PC campaigns which focus upon problems like the sexual harassment of professional women only serve to trivialise the issue of social inequality. Indeed it is possible to argue that such campaigns serve to reinforce the perception that women just are the weaker sex. The PC demand for special respect for women is shared by conservatives who think it uncouth to take advantage. PC meets family values.

Politically correct respect for ethnic diversity also comes with a heavy price, supplanting another aspiration for equality, racial equality. The emphasis on respecting diversity distracts from the failure to achieve real equality of income or status for American blacks. Token political representation in city administrations has little impact when economic power has been moved out to the suburbs. Affirmative action programmes guaranteeing diversity at work only confirm the expectation that blacks require special assistance. More importantly, they do not work.

Political correctness not only trivialises oppression, it can strengthen the hands of the middle class moralisers. Americans certainly balked at the sort of right-wing moralising that dominated last year's Republican Party platform with its near-hysterical demand for a return to 'family values'. But the Clinton administration promises its own brand of politically correct sermonising against the immoral and uncouth poor.

Tipper Gore, wife of vice-president Al, has led the campaign against sexually explicit lyrics in rock and rap music. She persuaded record companies to put stickers on the front of records with offensive words. All of this was done in the name of women, as many rap records carried sexist lyrics. Not surprisingly, however, 'offensive' was defined according to middle class values, and attention quickly turned to Ice T's 'Cop Killer' and other 'inflammatory' black music. Demands for censorship followed, backed by such champions of PC as Dan Quayle. Ice T wrote Tipper a song, 'KKK Bitch'.

By reposing social problems in terms of personal responsibilities, PC tends to reinforce the conservatives' argument that the poor are to blame for their own poverty.
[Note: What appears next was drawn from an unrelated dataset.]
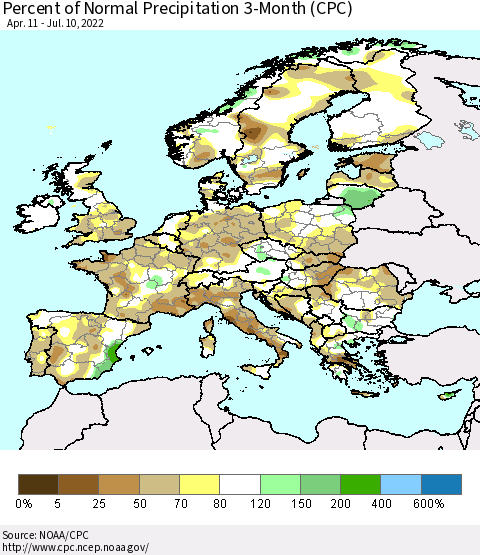 Europe Percent of Normal Precipitation 3-Month (CPC) Thematic Map For 4/11/2022 - 7/10/2022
The conditions of the poor are seen as a product of their own prejudices and personal failings rather than conditions arising out of society.

Personal blame

The way that political correctness turns to personal blame is illustrated by the stereotype of black sexism. Condemnations of sexism find a ready audience if the perpetrator is black. The trial of boxer Mike Tyson for rape, the senate hearings of judge Clarence Thomas over the sexual harassment of Anita Hill, all fit the politically correct stereotype. Black men are held responsible for the breakdown of the black family because they lack a sense of personal responsibility and respect for women. Bill Clinton endorsed this view in his campaign promise to force absentee fathers (popularly known as black men) to shoulder financial responsibility for their children.
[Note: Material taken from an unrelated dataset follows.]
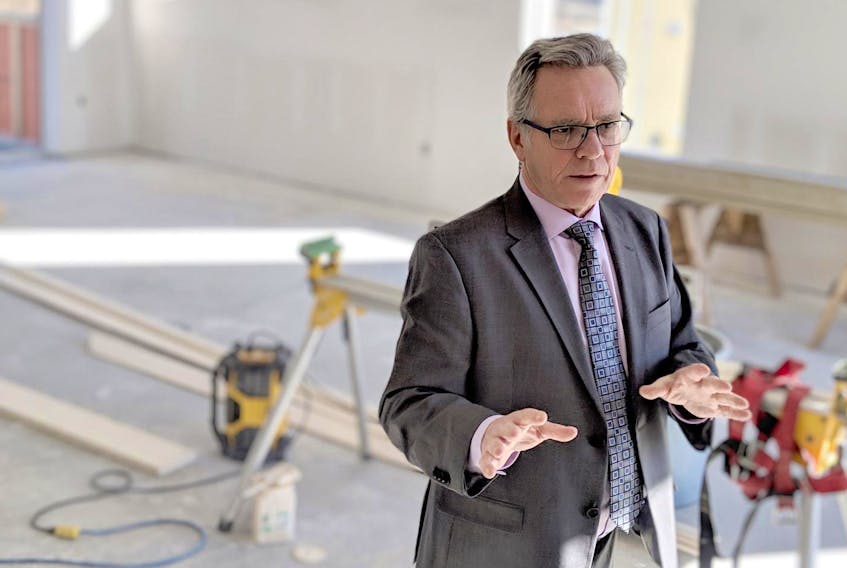 Gordon Neal, CEO of Hospice Halifax, gives a tour of the hospice construction site to reporters on Tuesday. It’s expected construction will be completed at the 10-bed hospice in about three weeks.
All of this professed PC concern with the problems faced by black women only serves to present black poverty as the product of personal irresponsibility on the part of black men, rather than of the failure of the American system.

The example of 'black sexism' shows how political correctness can end up blaming the least powerful people in society for America's problems. The oppression of women is reduced to an issue of personal manners rather than social inequality, and the impoverished black men of the ghetto are found guilty while the authorities get off scot-free. Here the sermonising of the PC lobby joins with plain racism to summon up the caricature of black vulgarity.

Because moralising treats social problems as individual failings, it always tends to reinforce the status quo, and that is as true of PC moralising as it is of the conservatives' family values. The PC preoccupation with language and symbolism reflects its apologetic nature. The Clinton generation of ruling Americans are concerned not with equality, but with covering up the appearance of inequality. The tortuous terminology arises out of attempts to mask the real injustice in American society.